One simple method for predicting the price is to average the prices of the nearest neighbors.

example_nn_row

1st Flr SF       1721.0
2nd Flr SF          0.0
Total Bsmt SF    1331.0
Garage Area       464.0
Year Built       1957.0
Name: 1924, dtype: float64

def predict_nn(example):
    """Return the majority class among the k nearest neighbors."""
    train_nn_B = train_nn.copy()
    
    col_sales_price = closest(train_nn_B, example, 5, 'SalePrice')
    return np.average(col_sales_price['SalePrice'])

predict_nn(example_nn_row)

np.float64(197100.0)

Finally, we can inspect whether our prediction is close to the true sale price for our one test example. Looks reasonable!

print('Actual sale price:', test_nn['SalePrice'].iloc[0])
print('Predicted sale price using nearest neighbors:', predict_nn(example_nn_row))

Actual sale price: 174850
Predicted sale price using nearest neighbors: 197100.0

20.6.3.1. Evaluation#

To evaluate the performance of this approach for the whole test set, we apply predict_nn to each test example, then compute the root mean squared error of the predictions. Computation of the predictions may take several minutes.

def predict_nn(example):
    """Return the majority class among the k nearest neighbors."""
    train_nn_B = train_nn.copy()
    
    col_sales_price = closest(train_nn_B, example, 5, 'SalePrice')
    return np.average(col_sales_price['SalePrice']).item(0)
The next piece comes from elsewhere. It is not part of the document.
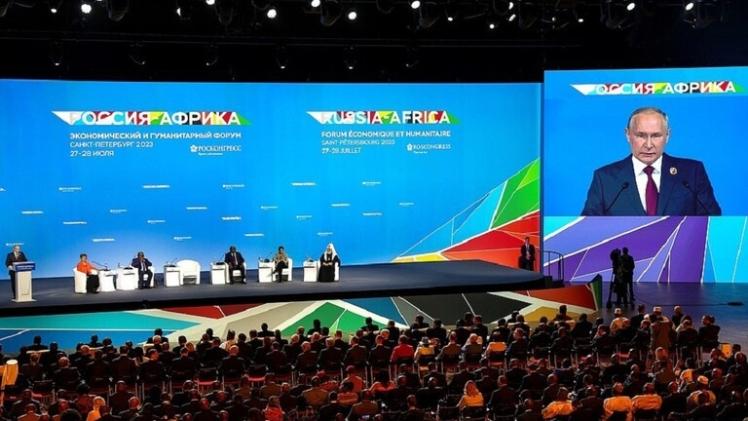 جانب من القمة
predict_nn(example_nn_row)

197100.0

test_nn_C = test_nn.copy()
test_nn_drop = test_nn_C.drop(columns=['SalePrice'])

nn_test_predictions = test_nn_drop.apply(predict_nn, axis=1)
rmse_nn = np.mean((test_prices - nn_test_predictions) ** 2) ** 0.5

print('Test set RMSE for multiple linear regression: ', rmse_linear)
print('Test set RMSE for nearest neighbor regression:', rmse_nn)

Test set RMSE for multiple linear regression:  30125.47384508643
Test set RMSE for nearest neighbor regression: 33266.600357451876

For these data, the errors of the two techniques are quite similar! For different data sets, one technique might outperform another. By computing the RMSE of both techniques on the same data, we can compare methods fairly. One note of caution: the difference in performance might not be due to the technique at all; it might be due to the random variation due to sampling the training and test sets in the first place.

Finally, we can draw a residual plot for these predictions. We still underestimate the prices of the most expensive houses, but the bias does not appear to be as systematic. However, fewer residuals are very close to zero, indicating that fewer prices were predicted with very high accuracy.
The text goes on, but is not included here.